◆ Problem details ◆
Word for word, restate the lines from the one containing "woman with pink hair and flowers" through the last line of the material, and include no pictures.

+ + +

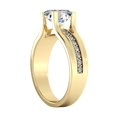 thumbnail image 3 of 5.50MM D-F VS Moissanite Ring With Diamonds (0.91 ct Moissanite Weight, 1.2 ctw dew) Bridge Channel set 14K Gold, 3 of 7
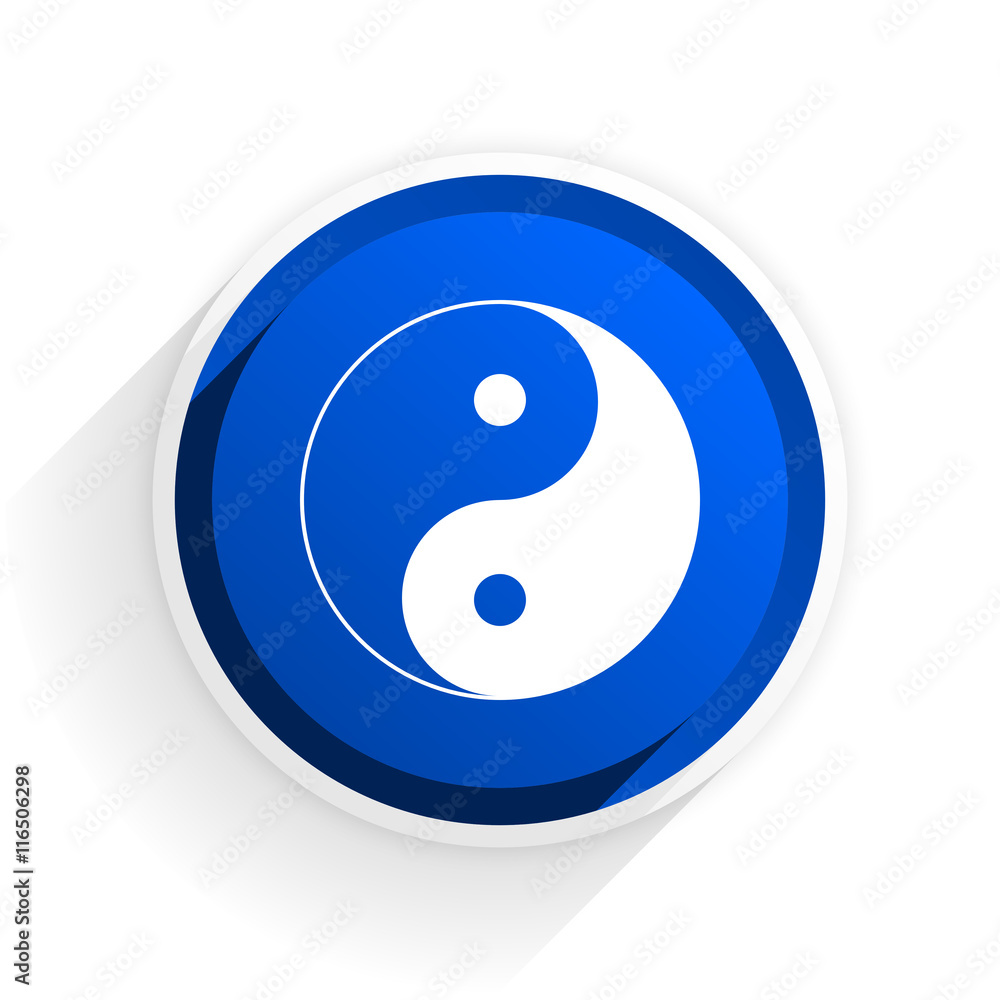 Poster ying yang flat icon with shadow on white background, blue modern design web element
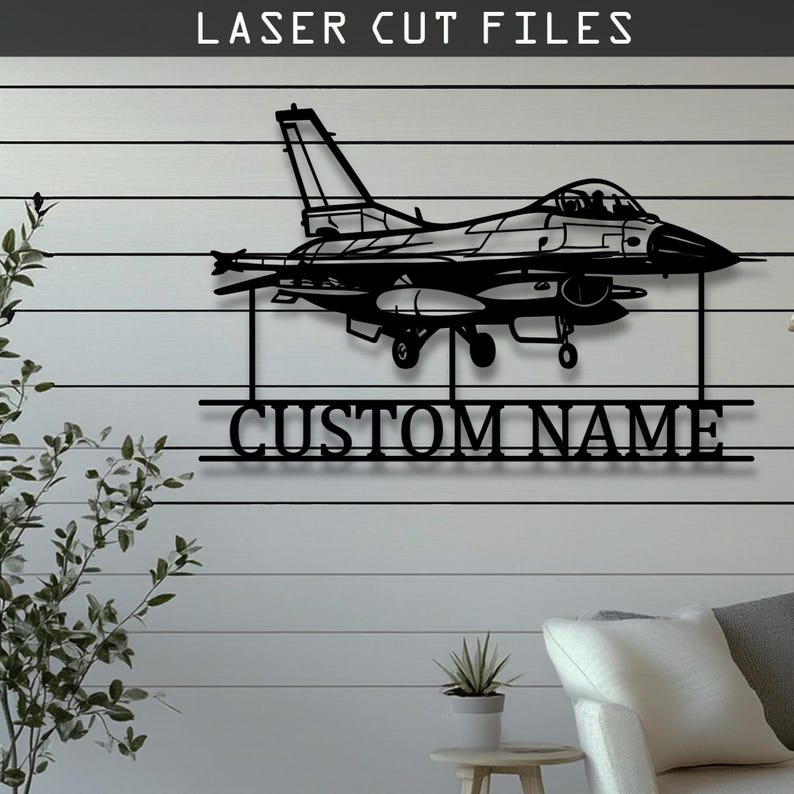 Custom F-16 Fighting Falcon Laser Cut Vector Files - SVG, DXF, CNC ...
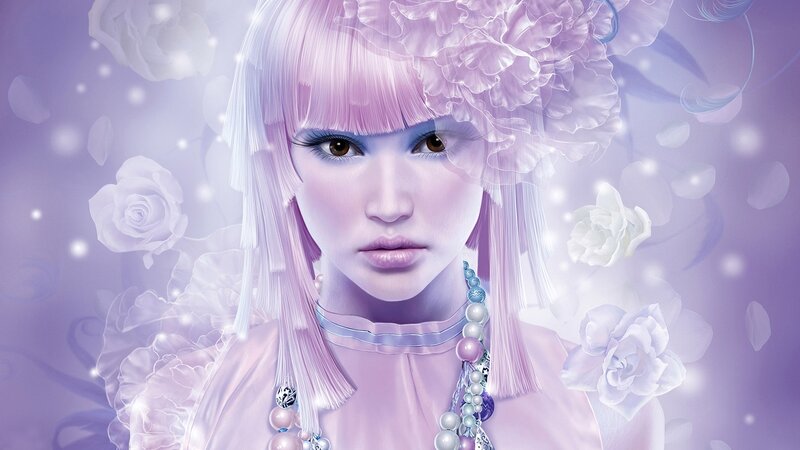 woman with pink hair and flowers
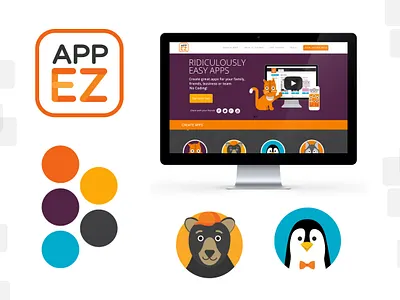 AppEZ Branding and Illustration app app design bear branding cartoon character illustration design illustration lettering logo orange logo penguin type typography website design
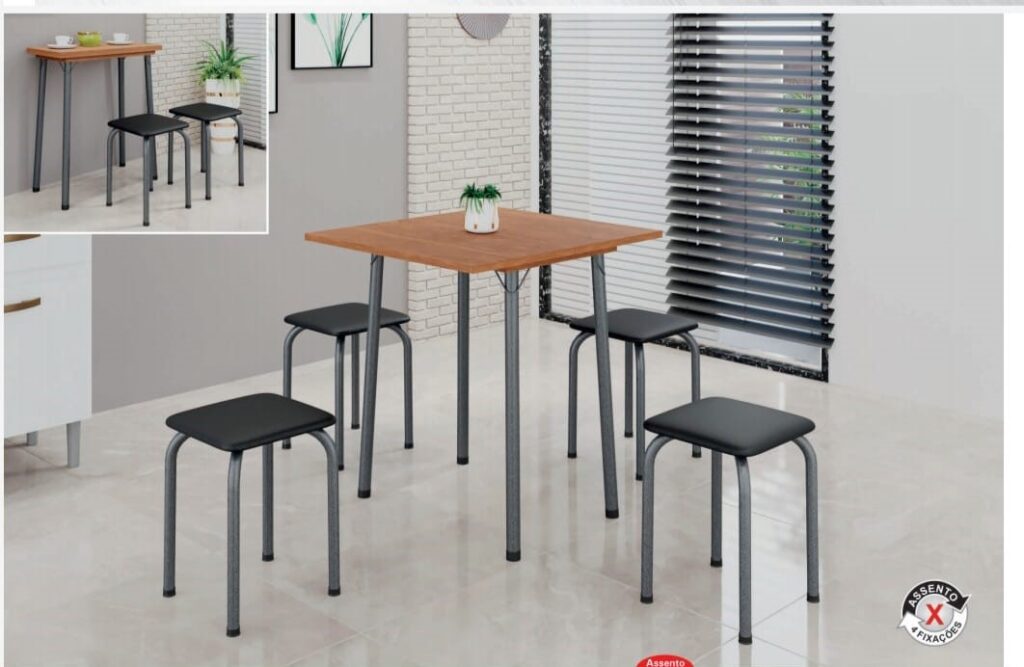 Conj Mesa Dobravel Luana Cinamomo.Martelado Prata 4 Banquetas Assentos Preto Soma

+ + +

◆ Answer for this exercise ◆
 woman with pink hair and flowers
 AppEZ Branding and Illustration app app design bear branding cartoon character illustration design illustration lettering logo orange logo penguin type typography website design
 Conj Mesa Dobravel Luana Cinamomo.Martelado Prata 4 Banquetas Assentos Preto Soma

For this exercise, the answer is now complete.